Dimensión Realidad en Sudán Actores Perpetradores El “No-Papel” de la ONU
Limpieza étnica Exterminio masalit RSF y milicias árabes Declaraciones sin protección
Desplazamiento 11 millones SAF y RSF Planes subfinanciados
Impunidad Saqueo del oro, violencia sexual Burhan y Hemedti Sin embargo de armas
Economía de guerra Control de oro, rutas, fronteras; dos Estados depredadores superpuestos RSF (oro, tráfico), SAF (puertos, burocracia) Incapacidad para regular flujos financieros ilícitos

 

Comparaciones africanas: La “trampa colonial” sudanesa comparte elementos con otros casos: la RDC (recursos + milicias), Nigeria (fractura Norte-Sur + petróleo), Etiopía (federalismo étnico como legado imperial). Sudán es, sin embargo, el caso donde la ingeniería colonial produjo la mayor continuidad de violencia estructural.

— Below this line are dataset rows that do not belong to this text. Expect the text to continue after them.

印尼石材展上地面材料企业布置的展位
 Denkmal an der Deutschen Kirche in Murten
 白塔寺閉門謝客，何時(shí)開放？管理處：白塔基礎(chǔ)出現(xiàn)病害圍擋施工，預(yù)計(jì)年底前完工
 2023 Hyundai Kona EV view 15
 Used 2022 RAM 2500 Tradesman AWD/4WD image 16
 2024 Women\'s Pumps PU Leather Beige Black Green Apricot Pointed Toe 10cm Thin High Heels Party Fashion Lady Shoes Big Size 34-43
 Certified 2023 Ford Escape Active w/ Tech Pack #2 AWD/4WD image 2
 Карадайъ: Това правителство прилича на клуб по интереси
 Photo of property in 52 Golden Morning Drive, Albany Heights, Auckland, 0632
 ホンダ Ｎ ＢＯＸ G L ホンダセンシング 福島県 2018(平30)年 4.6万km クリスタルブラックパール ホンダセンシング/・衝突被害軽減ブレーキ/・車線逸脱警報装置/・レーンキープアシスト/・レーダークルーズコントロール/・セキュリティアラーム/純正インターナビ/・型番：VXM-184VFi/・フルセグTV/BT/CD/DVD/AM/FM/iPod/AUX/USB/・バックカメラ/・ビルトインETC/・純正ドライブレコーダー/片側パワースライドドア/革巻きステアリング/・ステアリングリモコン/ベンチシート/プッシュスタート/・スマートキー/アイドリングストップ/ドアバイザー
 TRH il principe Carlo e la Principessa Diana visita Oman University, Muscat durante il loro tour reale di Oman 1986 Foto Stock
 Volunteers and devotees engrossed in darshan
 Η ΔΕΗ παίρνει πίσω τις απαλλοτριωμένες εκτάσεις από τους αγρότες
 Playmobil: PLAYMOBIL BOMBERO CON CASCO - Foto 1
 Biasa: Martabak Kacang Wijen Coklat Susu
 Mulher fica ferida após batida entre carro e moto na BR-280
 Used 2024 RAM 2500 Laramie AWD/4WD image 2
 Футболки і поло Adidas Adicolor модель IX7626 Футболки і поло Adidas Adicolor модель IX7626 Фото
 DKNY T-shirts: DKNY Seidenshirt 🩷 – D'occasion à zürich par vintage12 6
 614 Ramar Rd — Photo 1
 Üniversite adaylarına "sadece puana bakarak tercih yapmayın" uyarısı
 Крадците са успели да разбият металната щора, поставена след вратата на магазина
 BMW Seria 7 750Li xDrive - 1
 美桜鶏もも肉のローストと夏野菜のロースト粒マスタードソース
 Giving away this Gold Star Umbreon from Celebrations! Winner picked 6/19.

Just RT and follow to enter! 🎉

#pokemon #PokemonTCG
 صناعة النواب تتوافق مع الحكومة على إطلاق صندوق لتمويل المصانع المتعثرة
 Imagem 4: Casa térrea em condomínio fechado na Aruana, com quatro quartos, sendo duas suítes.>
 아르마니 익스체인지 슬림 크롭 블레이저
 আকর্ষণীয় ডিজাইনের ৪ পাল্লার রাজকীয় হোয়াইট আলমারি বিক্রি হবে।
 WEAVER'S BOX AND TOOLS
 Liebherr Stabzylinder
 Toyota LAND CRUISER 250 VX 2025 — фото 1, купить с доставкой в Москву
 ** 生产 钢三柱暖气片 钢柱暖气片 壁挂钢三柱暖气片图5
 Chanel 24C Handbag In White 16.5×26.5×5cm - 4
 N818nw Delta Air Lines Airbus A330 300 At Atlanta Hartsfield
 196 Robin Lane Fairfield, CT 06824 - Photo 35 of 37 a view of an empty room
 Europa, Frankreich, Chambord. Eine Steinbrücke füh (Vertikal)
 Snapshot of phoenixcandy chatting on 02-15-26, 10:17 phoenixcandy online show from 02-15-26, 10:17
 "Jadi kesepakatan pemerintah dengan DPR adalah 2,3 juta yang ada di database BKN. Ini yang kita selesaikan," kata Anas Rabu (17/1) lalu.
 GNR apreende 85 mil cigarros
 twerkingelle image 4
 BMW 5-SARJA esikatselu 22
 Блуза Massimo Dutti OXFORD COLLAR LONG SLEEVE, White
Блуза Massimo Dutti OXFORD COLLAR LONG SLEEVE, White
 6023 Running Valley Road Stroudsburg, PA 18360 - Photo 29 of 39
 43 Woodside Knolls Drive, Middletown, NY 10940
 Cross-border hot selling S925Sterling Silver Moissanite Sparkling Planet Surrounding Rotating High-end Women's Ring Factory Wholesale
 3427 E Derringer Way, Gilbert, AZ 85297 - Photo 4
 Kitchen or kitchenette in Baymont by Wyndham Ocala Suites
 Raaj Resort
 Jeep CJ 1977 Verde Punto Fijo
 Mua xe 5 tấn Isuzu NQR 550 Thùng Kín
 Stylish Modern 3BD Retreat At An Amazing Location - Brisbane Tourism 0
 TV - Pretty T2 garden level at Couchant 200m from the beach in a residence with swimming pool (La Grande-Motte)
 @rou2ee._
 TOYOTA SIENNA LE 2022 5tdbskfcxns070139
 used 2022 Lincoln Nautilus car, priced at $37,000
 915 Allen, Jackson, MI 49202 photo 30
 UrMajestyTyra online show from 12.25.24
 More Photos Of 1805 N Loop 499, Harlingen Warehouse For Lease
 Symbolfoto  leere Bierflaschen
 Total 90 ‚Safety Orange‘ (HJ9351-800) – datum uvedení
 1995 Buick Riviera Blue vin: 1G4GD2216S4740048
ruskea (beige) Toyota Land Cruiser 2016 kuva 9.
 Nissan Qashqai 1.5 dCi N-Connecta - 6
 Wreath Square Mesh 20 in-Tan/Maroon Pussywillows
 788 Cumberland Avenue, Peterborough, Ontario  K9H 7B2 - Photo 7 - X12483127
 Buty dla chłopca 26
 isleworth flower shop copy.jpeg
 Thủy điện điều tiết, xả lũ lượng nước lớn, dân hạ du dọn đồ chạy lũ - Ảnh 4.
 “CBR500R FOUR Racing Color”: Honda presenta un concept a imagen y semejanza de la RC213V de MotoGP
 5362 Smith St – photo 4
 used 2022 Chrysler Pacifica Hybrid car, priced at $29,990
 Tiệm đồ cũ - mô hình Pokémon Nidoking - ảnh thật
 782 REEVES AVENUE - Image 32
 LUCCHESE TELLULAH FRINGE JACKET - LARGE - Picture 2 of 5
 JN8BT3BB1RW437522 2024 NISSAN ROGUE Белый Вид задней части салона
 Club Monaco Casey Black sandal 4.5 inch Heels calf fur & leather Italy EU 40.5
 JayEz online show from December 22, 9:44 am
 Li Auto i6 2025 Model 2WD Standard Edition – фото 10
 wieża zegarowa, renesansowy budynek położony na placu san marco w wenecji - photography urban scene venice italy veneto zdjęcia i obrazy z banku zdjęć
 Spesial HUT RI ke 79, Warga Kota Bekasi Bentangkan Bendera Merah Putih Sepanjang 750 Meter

Conclusión: El triunfo del cinismo

«Dijeron «nunca más» sobre la tumba de mis abuelos, y hoy contemplan en silencio cómo cavan la tumba de mis nietos.» — Abdelaziz Baraka Sakin

La tragedia sudanesa expone la quiebra absoluta del sistema multilateral nacido tras la Segunda Guerra Mundial.

La frase “Nunca más”, enunciada tras el genocidio de Darfur en 2003, suena hoy como una burla sangrienta en las calles devastadas de El Geneina y El Fasher.

La ONU y las grandes potencias no solo han fallado en prevenir el desastre: han administrado el silencio, convirtiendo a los millones de víctimas de Sudán en los olvidados más emblemáticos de la Tierra.